Table 1 Selection of metrics for study

The rest of this paper is organized as follows. In Sect. 2 we have discussed related studies in the current area. Section 3 describes list of selected software design metrics to measure various aspect of object oriented software and typical application which is studied and analysed on account of selected metrics along with data sets consisting of independent variables and dependent variables. Section 4 presents brief introduction of modelling technique used in the study such as Feed Forward 3-layer Back propagation Algorithm (FF3LBPN), GRNN and GMDH. Section 5 reports the prediction accuracy measures, results and analysis of BPNN, GRNN and GMDH models. Section 6 mentioned about the threats to validity and finally Sect. 7 concludes the paper with outlines and directions for future work.

2 Related work

Many surveys and examples have been presented in past to show that software design metrics are correlated with its maintainability.
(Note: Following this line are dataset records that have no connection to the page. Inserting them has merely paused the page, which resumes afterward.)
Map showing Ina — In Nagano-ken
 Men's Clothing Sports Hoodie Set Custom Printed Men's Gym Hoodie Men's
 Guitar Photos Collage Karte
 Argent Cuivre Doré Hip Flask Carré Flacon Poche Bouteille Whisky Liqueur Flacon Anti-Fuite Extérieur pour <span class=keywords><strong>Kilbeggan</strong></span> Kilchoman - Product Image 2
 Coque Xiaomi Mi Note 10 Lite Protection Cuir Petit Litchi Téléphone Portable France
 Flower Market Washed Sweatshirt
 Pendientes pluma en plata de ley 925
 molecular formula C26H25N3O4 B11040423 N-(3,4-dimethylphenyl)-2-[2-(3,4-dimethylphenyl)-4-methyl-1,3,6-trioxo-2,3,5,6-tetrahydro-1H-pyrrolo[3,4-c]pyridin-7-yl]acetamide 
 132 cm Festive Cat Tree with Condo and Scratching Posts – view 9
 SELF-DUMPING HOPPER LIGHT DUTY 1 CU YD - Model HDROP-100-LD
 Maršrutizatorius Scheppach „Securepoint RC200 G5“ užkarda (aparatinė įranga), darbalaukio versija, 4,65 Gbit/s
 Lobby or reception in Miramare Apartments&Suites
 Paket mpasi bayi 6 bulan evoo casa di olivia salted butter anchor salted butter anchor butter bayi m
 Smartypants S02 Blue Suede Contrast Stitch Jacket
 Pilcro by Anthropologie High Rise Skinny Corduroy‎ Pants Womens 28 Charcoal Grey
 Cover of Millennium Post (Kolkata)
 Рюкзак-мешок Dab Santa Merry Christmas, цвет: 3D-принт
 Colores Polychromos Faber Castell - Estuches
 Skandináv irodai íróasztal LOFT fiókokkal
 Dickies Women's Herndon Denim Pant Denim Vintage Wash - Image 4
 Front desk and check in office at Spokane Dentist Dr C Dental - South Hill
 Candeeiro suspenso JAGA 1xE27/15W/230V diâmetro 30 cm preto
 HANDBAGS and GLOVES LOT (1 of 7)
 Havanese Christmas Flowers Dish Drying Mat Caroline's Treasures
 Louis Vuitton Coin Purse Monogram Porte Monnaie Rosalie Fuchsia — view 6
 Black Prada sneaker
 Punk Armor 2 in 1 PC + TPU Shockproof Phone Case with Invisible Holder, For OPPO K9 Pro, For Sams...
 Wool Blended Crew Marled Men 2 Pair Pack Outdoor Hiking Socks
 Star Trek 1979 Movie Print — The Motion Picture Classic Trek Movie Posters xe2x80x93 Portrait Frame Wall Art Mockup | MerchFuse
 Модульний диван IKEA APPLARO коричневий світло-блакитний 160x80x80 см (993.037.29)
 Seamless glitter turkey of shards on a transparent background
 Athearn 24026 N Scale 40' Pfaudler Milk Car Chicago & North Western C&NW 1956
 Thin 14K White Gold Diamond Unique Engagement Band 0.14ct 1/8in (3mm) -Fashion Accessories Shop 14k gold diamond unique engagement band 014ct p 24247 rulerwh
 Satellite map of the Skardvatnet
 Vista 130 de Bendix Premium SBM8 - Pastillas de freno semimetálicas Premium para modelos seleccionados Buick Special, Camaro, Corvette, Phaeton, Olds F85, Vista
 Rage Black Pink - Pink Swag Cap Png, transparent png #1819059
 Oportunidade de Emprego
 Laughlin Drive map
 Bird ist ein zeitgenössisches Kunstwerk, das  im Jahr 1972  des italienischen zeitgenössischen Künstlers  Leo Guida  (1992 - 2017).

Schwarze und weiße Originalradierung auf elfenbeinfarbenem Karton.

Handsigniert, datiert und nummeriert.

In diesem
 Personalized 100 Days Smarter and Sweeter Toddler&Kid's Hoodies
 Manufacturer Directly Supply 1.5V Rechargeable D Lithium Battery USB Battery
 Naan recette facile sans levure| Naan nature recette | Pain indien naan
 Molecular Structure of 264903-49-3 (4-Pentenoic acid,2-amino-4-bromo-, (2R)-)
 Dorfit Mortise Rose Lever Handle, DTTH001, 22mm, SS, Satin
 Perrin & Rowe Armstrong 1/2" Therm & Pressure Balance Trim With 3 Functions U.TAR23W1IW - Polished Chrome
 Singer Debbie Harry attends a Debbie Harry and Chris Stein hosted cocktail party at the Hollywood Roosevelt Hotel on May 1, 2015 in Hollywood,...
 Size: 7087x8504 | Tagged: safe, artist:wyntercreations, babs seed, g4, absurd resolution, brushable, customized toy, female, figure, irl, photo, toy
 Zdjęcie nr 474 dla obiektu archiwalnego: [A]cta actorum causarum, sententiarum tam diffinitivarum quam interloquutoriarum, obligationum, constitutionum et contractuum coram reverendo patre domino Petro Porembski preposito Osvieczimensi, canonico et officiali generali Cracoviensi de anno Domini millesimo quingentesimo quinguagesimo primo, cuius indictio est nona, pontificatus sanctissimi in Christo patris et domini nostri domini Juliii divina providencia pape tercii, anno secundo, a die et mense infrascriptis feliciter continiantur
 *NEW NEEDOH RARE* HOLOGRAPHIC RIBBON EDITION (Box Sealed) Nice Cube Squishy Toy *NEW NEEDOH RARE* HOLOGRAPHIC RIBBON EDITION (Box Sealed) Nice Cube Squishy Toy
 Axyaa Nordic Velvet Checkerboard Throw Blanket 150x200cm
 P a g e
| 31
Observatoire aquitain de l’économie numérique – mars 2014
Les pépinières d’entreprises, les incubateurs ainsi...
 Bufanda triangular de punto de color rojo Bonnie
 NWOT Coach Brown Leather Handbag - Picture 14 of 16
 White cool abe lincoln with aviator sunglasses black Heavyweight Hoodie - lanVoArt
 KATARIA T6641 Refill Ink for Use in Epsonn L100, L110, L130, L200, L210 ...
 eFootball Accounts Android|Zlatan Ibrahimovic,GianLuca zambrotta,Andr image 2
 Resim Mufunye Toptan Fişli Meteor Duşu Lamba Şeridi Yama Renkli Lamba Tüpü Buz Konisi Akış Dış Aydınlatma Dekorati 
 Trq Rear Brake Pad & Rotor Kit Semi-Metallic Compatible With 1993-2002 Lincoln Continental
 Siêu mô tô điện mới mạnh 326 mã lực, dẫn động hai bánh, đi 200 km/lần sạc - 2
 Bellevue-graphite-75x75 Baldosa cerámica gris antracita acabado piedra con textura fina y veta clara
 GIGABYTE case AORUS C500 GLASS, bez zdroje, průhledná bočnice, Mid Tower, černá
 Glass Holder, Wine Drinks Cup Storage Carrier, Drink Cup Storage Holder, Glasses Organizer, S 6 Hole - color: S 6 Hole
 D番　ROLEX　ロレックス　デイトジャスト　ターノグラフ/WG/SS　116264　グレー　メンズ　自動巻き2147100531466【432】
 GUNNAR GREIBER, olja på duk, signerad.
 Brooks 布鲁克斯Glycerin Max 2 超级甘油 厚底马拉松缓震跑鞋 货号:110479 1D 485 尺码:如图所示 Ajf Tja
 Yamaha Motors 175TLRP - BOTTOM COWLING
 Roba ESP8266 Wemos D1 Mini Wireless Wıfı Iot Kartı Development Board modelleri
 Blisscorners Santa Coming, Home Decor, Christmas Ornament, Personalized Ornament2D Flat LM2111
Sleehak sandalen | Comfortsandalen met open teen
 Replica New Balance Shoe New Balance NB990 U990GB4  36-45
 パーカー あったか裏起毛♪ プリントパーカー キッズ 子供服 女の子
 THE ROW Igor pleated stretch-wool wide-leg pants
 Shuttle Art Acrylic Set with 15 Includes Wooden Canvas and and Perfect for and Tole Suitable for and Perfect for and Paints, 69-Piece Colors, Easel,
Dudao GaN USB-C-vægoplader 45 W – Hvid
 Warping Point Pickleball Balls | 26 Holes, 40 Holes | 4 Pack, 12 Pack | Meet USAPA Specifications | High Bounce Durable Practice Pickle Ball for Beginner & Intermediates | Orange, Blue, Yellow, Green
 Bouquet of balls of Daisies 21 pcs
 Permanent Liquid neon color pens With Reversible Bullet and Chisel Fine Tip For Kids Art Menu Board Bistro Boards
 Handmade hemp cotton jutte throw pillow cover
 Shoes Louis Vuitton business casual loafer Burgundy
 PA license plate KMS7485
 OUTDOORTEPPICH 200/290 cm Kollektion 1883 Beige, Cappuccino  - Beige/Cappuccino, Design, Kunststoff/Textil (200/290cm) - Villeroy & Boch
Fioravanti and Nesi (2001) presented a prediction model using multi linear regression analysis and validated it on real data. Thwin and Quah (2005) used neural networks to build software quality prediction models. Aggarwal et al. (2005a) proposed that maintainability can be estimated with the help of fuzzy model. They also proved empirically that the integrated measure of maintenance obtained from this fuzzy model has strong correlation with maintenance. Misra (2005) builds maintainability prediction models using Linear Regression techniques. Similarly, in 2006 software maintainability prediction model proposed by Koten and Gray (2006) using Bayesian network was validated for its prediction accuracy. Zhou and Leung (2007) have used multivariate adaptive regression splines (MARS) for predicting object-oriented software maintainability in 2007. They compared the prediction accuracy of proposed model with four other prevailing models: multivariate linear regression (MLR), support vector regression (SVR), artificial neural network (ANN), and regression tree (RT) and stated that MARS is best model to be used as far as maintainability of prediction is concerned. Elish and Elish (2009) proposed the use of TreeNets for the prediction of maintainability. They used the same data set proposed by Chidamber and Kamerer (1991), Li and Henry (1993), and Chidamber and Kemerer (1994) and used by Zhou and Leung (2007), Dagpinar and Jahnke (2003), Thwin and Quah (2005), Koten and Gray (2006), Elish and Elish (2009), and Aggarwal et al. (2006) to compare their results with others. Recently, Malhotra and Chug (2012) have successfully proved the efficiency of GMDH model on the same data set proposed by Li and Henry (1993), Chidamber and Kamerer (1991), and Chidamber and Kemerer (1994) and used by Zhou and Leung (2007), Dagpinar and Jahnke (2003), Thwin and Quah (2005), Koten and Gray (2006), Elish and Elish (2009), and Aggarwal et al. (2006). In their study, it has been proved that GMDH is an excellent method for software maintainability prediction as far as accuracy is concerned. Inspired by the results achieved in Malhotra et al. (2012), the aim of this study is not only to verify whether relationship between metrics and maintainability do exists in real life web based applications but also to verify supremacy of GMDH.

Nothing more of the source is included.